A word-for-word restatement of the whole listing is the expected answer.

===== RECORDS FOR THIS EXERCISE =====

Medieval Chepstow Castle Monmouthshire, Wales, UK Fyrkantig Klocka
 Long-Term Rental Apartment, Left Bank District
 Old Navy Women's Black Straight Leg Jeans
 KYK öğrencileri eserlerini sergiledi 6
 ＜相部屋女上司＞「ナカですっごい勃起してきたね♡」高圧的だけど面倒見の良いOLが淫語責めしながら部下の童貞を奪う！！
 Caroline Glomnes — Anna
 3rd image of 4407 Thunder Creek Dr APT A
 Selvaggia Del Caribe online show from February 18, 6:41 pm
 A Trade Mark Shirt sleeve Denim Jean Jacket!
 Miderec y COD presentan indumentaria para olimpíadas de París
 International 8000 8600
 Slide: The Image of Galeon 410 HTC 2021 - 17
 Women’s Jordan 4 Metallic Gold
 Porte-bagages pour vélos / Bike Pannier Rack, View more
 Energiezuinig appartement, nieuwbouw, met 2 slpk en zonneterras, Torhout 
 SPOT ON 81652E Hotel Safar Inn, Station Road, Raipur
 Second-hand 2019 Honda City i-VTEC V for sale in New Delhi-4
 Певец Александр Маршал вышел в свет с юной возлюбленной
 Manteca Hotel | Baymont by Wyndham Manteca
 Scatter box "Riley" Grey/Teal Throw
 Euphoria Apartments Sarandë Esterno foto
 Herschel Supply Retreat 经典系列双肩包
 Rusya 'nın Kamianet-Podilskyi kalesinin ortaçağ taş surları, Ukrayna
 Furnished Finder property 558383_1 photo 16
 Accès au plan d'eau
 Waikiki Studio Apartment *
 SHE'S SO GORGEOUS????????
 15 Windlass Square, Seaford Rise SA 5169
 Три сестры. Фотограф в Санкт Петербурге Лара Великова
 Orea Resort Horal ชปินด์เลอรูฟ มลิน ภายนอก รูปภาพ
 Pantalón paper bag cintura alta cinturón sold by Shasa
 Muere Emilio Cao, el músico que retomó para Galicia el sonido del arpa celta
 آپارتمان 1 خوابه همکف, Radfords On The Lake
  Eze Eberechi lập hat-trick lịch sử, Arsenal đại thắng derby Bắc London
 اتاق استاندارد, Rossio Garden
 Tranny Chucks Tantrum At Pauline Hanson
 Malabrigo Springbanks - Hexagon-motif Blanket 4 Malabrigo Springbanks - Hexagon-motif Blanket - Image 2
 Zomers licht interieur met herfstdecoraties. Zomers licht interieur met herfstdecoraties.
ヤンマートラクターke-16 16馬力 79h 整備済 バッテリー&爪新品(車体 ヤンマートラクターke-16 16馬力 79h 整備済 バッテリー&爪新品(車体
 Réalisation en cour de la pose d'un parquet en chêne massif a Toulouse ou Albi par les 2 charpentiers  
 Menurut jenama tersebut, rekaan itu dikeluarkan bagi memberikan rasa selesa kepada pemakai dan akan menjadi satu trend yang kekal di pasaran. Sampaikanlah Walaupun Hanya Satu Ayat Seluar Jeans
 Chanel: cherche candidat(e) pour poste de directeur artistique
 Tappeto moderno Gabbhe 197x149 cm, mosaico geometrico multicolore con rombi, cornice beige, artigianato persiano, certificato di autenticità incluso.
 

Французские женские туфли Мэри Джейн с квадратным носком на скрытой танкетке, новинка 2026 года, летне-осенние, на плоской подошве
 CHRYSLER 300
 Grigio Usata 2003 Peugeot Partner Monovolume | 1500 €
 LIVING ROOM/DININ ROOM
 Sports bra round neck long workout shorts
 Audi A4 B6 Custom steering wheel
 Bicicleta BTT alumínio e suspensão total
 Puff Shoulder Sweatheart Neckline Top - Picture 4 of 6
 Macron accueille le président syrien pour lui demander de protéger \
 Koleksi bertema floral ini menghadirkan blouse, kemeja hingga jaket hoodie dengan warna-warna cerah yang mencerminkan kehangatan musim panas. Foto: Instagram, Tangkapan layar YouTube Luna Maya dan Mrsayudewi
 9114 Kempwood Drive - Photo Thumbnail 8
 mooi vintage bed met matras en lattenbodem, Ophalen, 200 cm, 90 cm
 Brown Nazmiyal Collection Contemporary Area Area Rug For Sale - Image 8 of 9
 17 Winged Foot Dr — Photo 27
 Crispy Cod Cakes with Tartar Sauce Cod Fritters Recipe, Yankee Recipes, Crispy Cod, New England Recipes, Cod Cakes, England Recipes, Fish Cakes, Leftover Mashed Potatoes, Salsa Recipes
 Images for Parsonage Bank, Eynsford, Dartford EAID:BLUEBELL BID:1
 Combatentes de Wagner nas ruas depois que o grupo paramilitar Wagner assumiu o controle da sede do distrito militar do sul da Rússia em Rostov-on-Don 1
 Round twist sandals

=====

• **ANSWER TO THIS PROBLEM**
Medieval Chepstow Castle Monmouthshire, Wales, UK Fyrkantig Klocka
 Long-Term Rental Apartment, Left Bank District
 Old Navy Women's Black Straight Leg Jeans
 KYK öğrencileri eserlerini sergiledi 6
 ＜相部屋女上司＞「ナカですっごい勃起してきたね♡」高圧的だけど面倒見の良いOLが淫語責めしながら部下の童貞を奪う！！
 Caroline Glomnes — Anna
 3rd image of 4407 Thunder Creek Dr APT A
 Selvaggia Del Caribe online show from February 18, 6:41 pm
 A Trade Mark Shirt sleeve Denim Jean Jacket!
 Miderec y COD presentan indumentaria para olimpíadas de París
 International 8000 8600
 Slide: The Image of Galeon 410 HTC 2021 - 17
 Women’s Jordan 4 Metallic Gold
 Porte-bagages pour vélos / Bike Pannier Rack, View more
 Energiezuinig appartement, nieuwbouw, met 2 slpk en zonneterras, Torhout 
 SPOT ON 81652E Hotel Safar Inn, Station Road, Raipur
 Second-hand 2019 Honda City i-VTEC V for sale in New Delhi-4
 Певец Александр Маршал вышел в свет с юной возлюбленной
 Manteca Hotel | Baymont by Wyndham Manteca
 Scatter box "Riley" Grey/Teal Throw
 Euphoria Apartments Sarandë Esterno foto
 Herschel Supply Retreat 经典系列双肩包
 Rusya 'nın Kamianet-Podilskyi kalesinin ortaçağ taş surları, Ukrayna
 Furnished Finder property 558383_1 photo 16
 Accès au plan d'eau
 Waikiki Studio Apartment *
 SHE'S SO GORGEOUS????????
 15 Windlass Square, Seaford Rise SA 5169
 Три сестры. Фотограф в Санкт Петербурге Лара Великова
 Orea Resort Horal ชปินด์เลอรูฟ มลิน ภายนอก รูปภาพ
 Pantalón paper bag cintura alta cinturón sold by Shasa
 Muere Emilio Cao, el músico que retomó para Galicia el sonido del arpa celta
 آپارتمان 1 خوابه همکف, Radfords On The Lake
  Eze Eberechi lập hat-trick lịch sử, Arsenal đại thắng derby Bắc London
 اتاق استاندارد, Rossio Garden
 Tranny Chucks Tantrum At Pauline Hanson
 Malabrigo Springbanks - Hexagon-motif Blanket 4 Malabrigo Springbanks - Hexagon-motif Blanket - Image 2
 Zomers licht interieur met herfstdecoraties. Zomers licht interieur met herfstdecoraties.
ヤンマートラクターke-16 16馬力 79h 整備済 バッテリー&爪新品(車体 ヤンマートラクターke-16 16馬力 79h 整備済 バッテリー&爪新品(車体
 Réalisation en cour de la pose d'un parquet en chêne massif a Toulouse ou Albi par les 2 charpentiers  
 Menurut jenama tersebut, rekaan itu dikeluarkan bagi memberikan rasa selesa kepada pemakai dan akan menjadi satu trend yang kekal di pasaran. Sampaikanlah Walaupun Hanya Satu Ayat Seluar Jeans
 Chanel: cherche candidat(e) pour poste de directeur artistique
 Tappeto moderno Gabbhe 197x149 cm, mosaico geometrico multicolore con rombi, cornice beige, artigianato persiano, certificato di autenticità incluso.
 

Французские женские туфли Мэри Джейн с квадратным носком на скрытой танкетке, новинка 2026 года, летне-осенние, на плоской подошве
 CHRYSLER 300
 Grigio Usata 2003 Peugeot Partner Monovolume | 1500 €
 LIVING ROOM/DININ ROOM
 Sports bra round neck long workout shorts
 Audi A4 B6 Custom steering wheel
 Bicicleta BTT alumínio e suspensão total
 Puff Shoulder Sweatheart Neckline Top - Picture 4 of 6
 Macron accueille le président syrien pour lui demander de protéger \
 Koleksi bertema floral ini menghadirkan blouse, kemeja hingga jaket hoodie dengan warna-warna cerah yang mencerminkan kehangatan musim panas. Foto: Instagram, Tangkapan layar YouTube Luna Maya dan Mrsayudewi
 9114 Kempwood Drive - Photo Thumbnail 8
 mooi vintage bed met matras en lattenbodem, Ophalen, 200 cm, 90 cm
 Brown Nazmiyal Collection Contemporary Area Area Rug For Sale - Image 8 of 9
 17 Winged Foot Dr — Photo 27
 Crispy Cod Cakes with Tartar Sauce Cod Fritters Recipe, Yankee Recipes, Crispy Cod, New England Recipes, Cod Cakes, England Recipes, Fish Cakes, Leftover Mashed Potatoes, Salsa Recipes
 Images for Parsonage Bank, Eynsford, Dartford EAID:BLUEBELL BID:1
 Combatentes de Wagner nas ruas depois que o grupo paramilitar Wagner assumiu o controle da sede do distrito militar do sul da Rússia em Rostov-on-Don 1
 Round twist sandals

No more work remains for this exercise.